Brief introduction
Data integration is a key concept in the Data warehouse. The design and implementation of the ETL (data extraction, transformation and loading) process is an extremely important part of the Data Warehouse solution. ETL processes are used to extract business data from multiple sources, clean up data, then integrate the data, and load them into the Data Warehouse database to prepare for data analysis.
ETL Process Design
Although the actual ETL design and implementation depends to a great extent on the ETL tools selected for the Data Warehouse project, the advanced systematic ETL design will help to build an efficient and flexible ETL process.
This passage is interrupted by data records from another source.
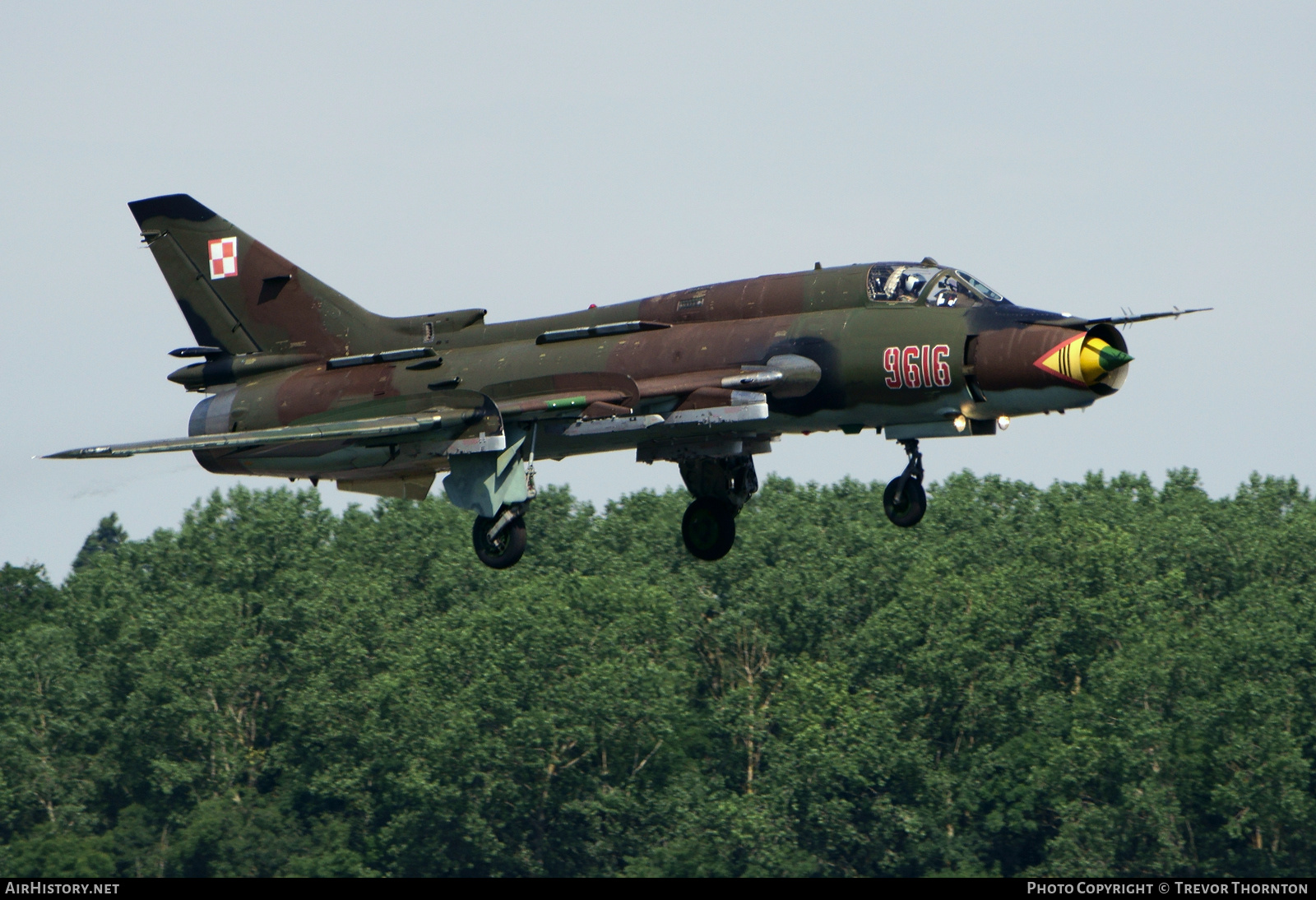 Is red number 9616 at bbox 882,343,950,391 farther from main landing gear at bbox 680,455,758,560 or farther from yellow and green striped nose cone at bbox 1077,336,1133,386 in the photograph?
main landing gear at bbox 680,455,758,560

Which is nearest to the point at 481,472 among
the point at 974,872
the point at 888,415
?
the point at 888,415

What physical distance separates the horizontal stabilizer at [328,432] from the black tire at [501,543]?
6.11 feet

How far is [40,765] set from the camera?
3725 inches

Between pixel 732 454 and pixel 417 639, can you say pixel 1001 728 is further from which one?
pixel 732 454

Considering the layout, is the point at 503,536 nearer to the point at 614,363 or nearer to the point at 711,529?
the point at 614,363

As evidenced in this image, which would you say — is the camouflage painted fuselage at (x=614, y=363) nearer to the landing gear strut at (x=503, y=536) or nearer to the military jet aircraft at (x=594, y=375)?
the military jet aircraft at (x=594, y=375)

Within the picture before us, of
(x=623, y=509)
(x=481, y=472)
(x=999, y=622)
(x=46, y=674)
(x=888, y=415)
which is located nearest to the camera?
(x=888, y=415)

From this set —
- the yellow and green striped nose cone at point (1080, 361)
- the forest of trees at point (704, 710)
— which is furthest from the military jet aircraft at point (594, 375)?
the forest of trees at point (704, 710)

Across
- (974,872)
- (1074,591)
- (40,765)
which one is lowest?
(974,872)

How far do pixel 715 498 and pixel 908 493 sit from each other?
4.69m

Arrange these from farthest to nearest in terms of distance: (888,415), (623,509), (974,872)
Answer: (623,509) < (974,872) < (888,415)

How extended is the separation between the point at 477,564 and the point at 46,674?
23.3 meters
Before delving into the design of the ETL process in the Data Warehouse, remember the rule of ETL: "The ETL process should not modify the data, but should optimize the data." "If you find that you need to make changes to your business data, but you're not sure if these changes will change the meaning of the data itself, consult your customer before starting the ETL process."
Modulation of ETL process design
Because of its procedural characteristics and the possibility of hundreds of or thousands of operations, it is extremely important to design the ETL process in an accurate manner so that they become efficient, scalable, and maintainable. ETL Data conversion operations can be roughly divided into 6 groups or modules: data extraction, verification, cleaning, integration, aggregation and loading. To schedule these groups, follow the steps to get the most simplified, best performance, and easy to modify logical order for this process. The order of execution is shown in the following figure.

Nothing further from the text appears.